Economists at NAHB’s Builders’ Showcase Discuss Industry Trends

Economists at NAHB’s Builders’ Showcase Discuss Industry Trends


Economists for the National Association of Home Builders (NAHB), Freddie Mac, and Nationwide Insurance agree that the housing recovery is well-positioned to pick up momentum in 2013—assuming Washington doesn’t drive it off the rails.

Speaking at the NAHB’s International Builders’ Show in Las Vegas, chief economists David Crowe (NAHB), David Berson (Nationwide), and Frank Nothaft (Freddie Mac) talked about the trends the housing industry can expect to see and the potential threats that may impede the recovery.

“Nearly every measure of housing market strength—sales, starts, prices, permits and builder confidence—has been trending upward in recent months and we expect to see gradual but steady growth along these lines in 2013,” Crowe said.

The recent high rate of price growth (nearly 6 percent annualized over the past 10 months) has been especially encouraging, Crowe said, since it acts as a “trigger for demand to return” as potential buyers see more reason to be optimistic about their investment.

He also pointed to today’s historically low mortgage rates, strong housing affordability, rising household formations, and NAHB’s growing Improving Markets Index as positive signs for 2013.

Setting the 2000-2003 period as a baseline benchmark for normal housing activity, Crowe reported that multifamily production (which has posted a 273 percent gain from Q4 2009 to Q4 2012) is expected to reach normal levels by 2014. The single-family market has further to go—it was estimated to be at 44 percent of normal production in Q4 2012—and is expected to be at 70 percent of normal by the end of 2014.

In total, NAHB forecasts 949,000 total housing starts in 2013, up 21.5 percent from 781,000 in 2012. Single-family starts are expected to rise 22 percent to 650,000 in 2013 and an additional 30 percent to 844,000 in 2014. Meanwhile, multifamily starts will rise 22 percent to 299,000 in 2013 and another 6 percent to 317,000 units in 2014.
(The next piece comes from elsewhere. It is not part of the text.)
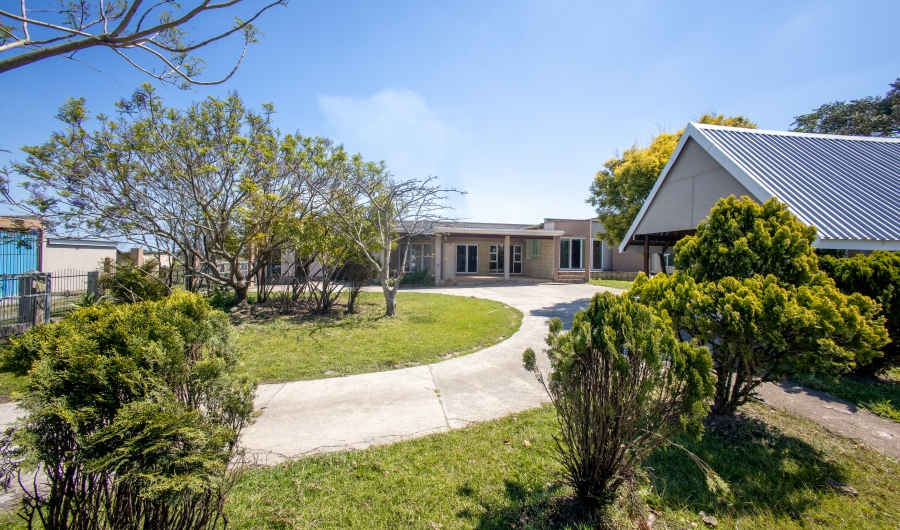 17 Bedroom Property for Sale in Cove Rock Eastern Cape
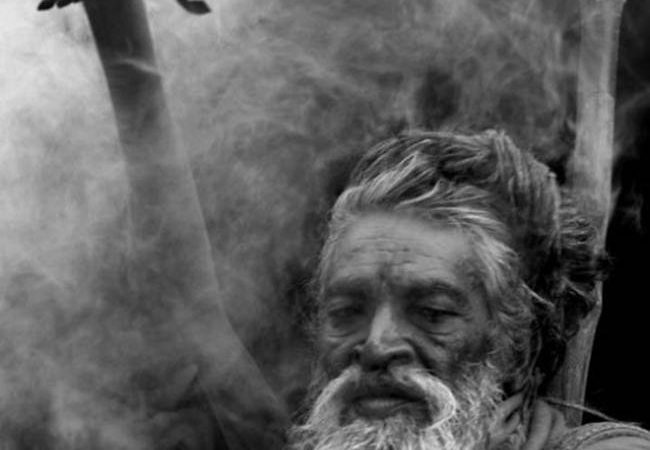 A Silent Protest By An Indian Man For 43 Years Will Definitely Inspire You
Crowe warned, however, that the challenges currently facing builders—including prohibitively tight mortgage lending conditions, inaccurate appraisals, rising materials costs, and a decline in buildable lots—may throw those numbers off.

However, builders continue to face several challenges, including prohibitively tight mortgage lending conditions, inaccurate appraisals, rising materials costs, and a decline in buildable lots, Crowe warned.

The continuing gridlock in Washington over fiscal belt-tightening also presents a threat to consumer confidence and future housing demand, he said.

Berson echoed Crowe’s concerns about the government’s budget woes, saying that despite the recent strides made to protect the fragile economy, it’s not too soon to rule out the chance that a policy stalemate could trigger a downturn.

Looking ahead, Berson projected GDP growth of 2 percent to 2.5 percent in 2013, with slower first-quarter growth in response to unresolved spending issues. If, however, a full spending sequester is triggered, 2013 growth could fall between 1 percent to 2 percent.

As regulatory agencies continue to hand down mortgage rules, Berson said a major concern is that lending could become even more restrictive.

“The problem is mortgage lending standards are way too tight,” he said. “If we were at a scale of nine or 10 in 2005-2006, we are at a two today. We want to be around a five.”

Nothaft said that those who do qualify for credit should be able to afford it more easily with mortgage rates so low. He predicted 30-year fixed rates will stay below 4 percent through the end of 2013, drawing more interest from prospective buyers.

“An important stimulant driving housing demand has been declining mortgage rates,” Nothaft said. “These are the lowest rates we have seen in 65 years.”

Nothaft also issued some of his own market predictions: He expects the refinance boom for single-family homes will continue this year but gradually start winding down. Meanwhile, purchase originations will trend higher due to a projected 8 percent increase in home sales this year.

All in all, however, Nothaft said he expects overall mortgage originations will fall 15 percent in 2013.

On the subject of home prices, Nothaft noted that prices increased 4 percent year-over-year in September, according to Freddie Mac’s House Price Index. The improvement was also widespread, occurring across 42 states.

For 2013, Nothaft forecast prices nationwide to rise 2 to 3 percent, with low inventory holding off other downward price pressures.